======== Data provided ========

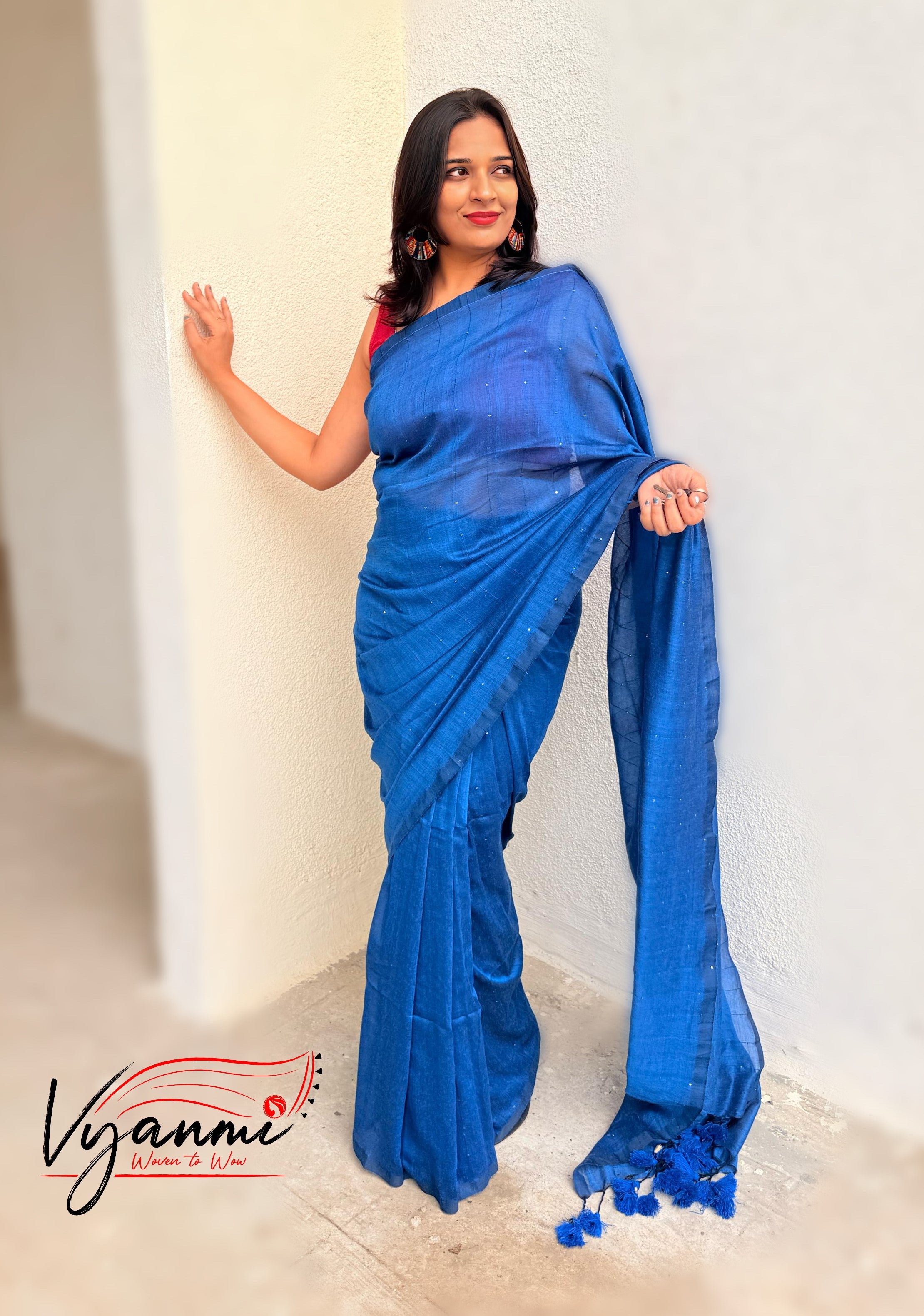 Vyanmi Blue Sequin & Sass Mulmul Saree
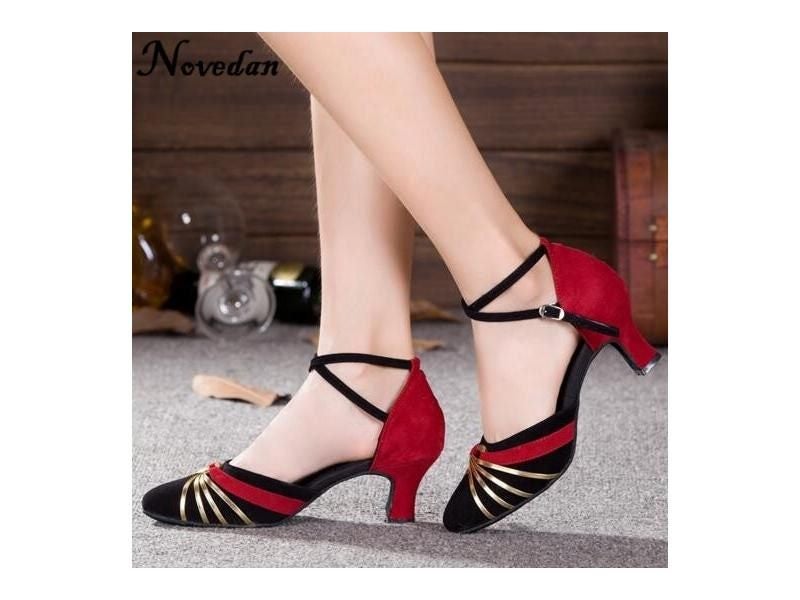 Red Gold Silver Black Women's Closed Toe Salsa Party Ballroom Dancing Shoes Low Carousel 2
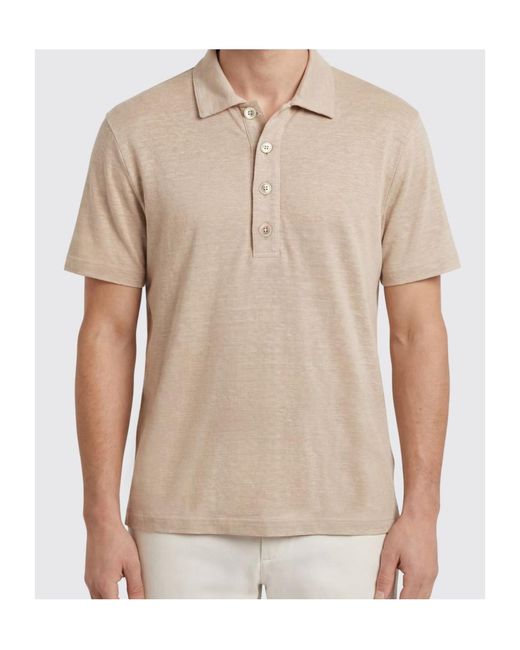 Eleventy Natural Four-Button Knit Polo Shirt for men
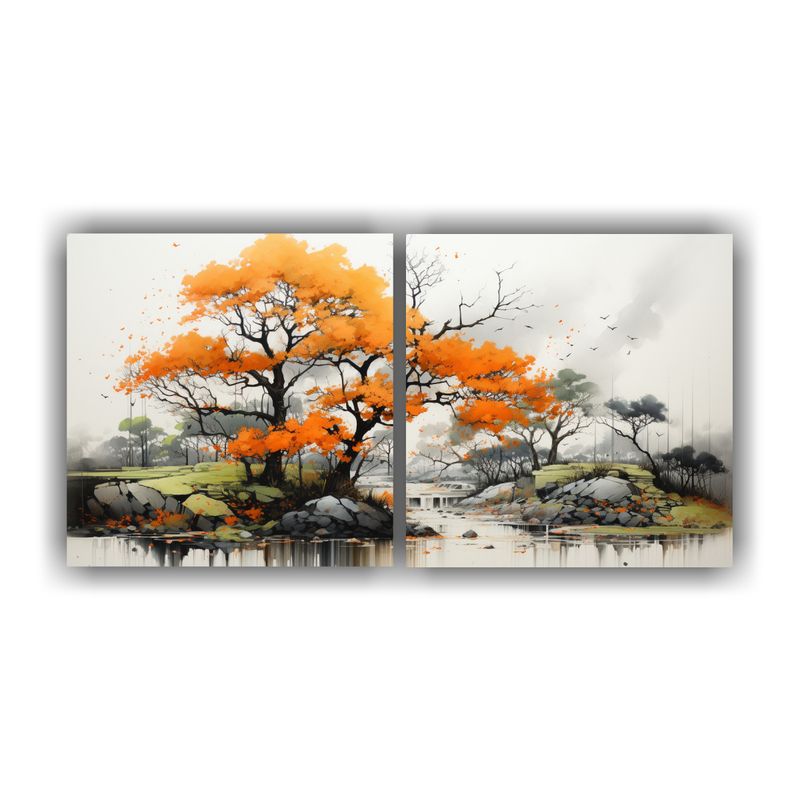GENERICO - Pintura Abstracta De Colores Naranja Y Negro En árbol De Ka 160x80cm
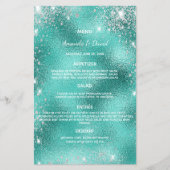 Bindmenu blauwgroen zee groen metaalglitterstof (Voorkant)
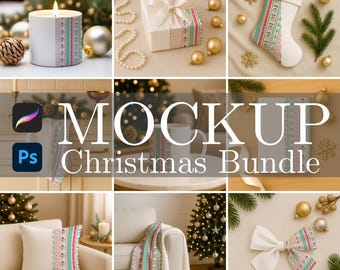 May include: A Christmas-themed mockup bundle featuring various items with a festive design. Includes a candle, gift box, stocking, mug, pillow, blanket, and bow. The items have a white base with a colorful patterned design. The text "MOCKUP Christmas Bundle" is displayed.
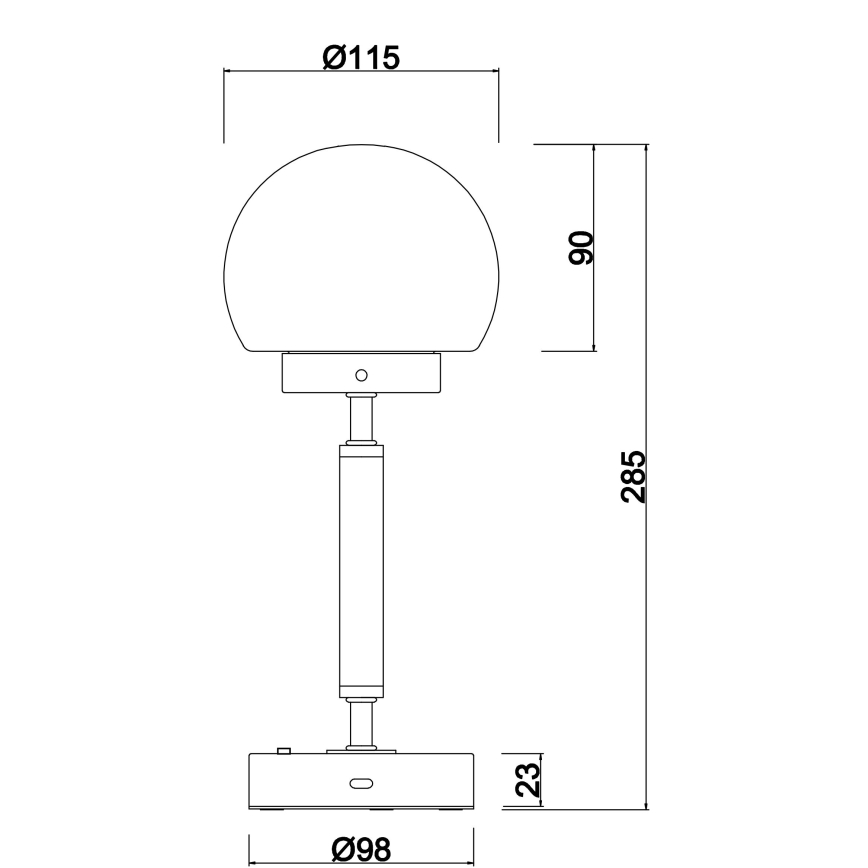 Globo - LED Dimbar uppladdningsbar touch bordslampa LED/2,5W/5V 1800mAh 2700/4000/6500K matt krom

========

**Your goal**:
Transcribe the complete set of entries verbatim. No pictures belong in the copy.

**Finished exercise**:
 Vyanmi Blue Sequin & Sass Mulmul Saree
 Red Gold Silver Black Women's Closed Toe Salsa Party Ballroom Dancing Shoes Low Carousel 2
 Eleventy Natural Four-Button Knit Polo Shirt for men
GENERICO - Pintura Abstracta De Colores Naranja Y Negro En árbol De Ka 160x80cm
 Bindmenu blauwgroen zee groen metaalglitterstof (Voorkant)
 May include: A Christmas-themed mockup bundle featuring various items with a festive design. Includes a candle, gift box, stocking, mug, pillow, blanket, and bow. The items have a white base with a colorful patterned design. The text "MOCKUP Christmas Bundle" is displayed.
 Globo - LED Dimbar uppladdningsbar touch bordslampa LED/2,5W/5V 1800mAh 2700/4000/6500K matt krom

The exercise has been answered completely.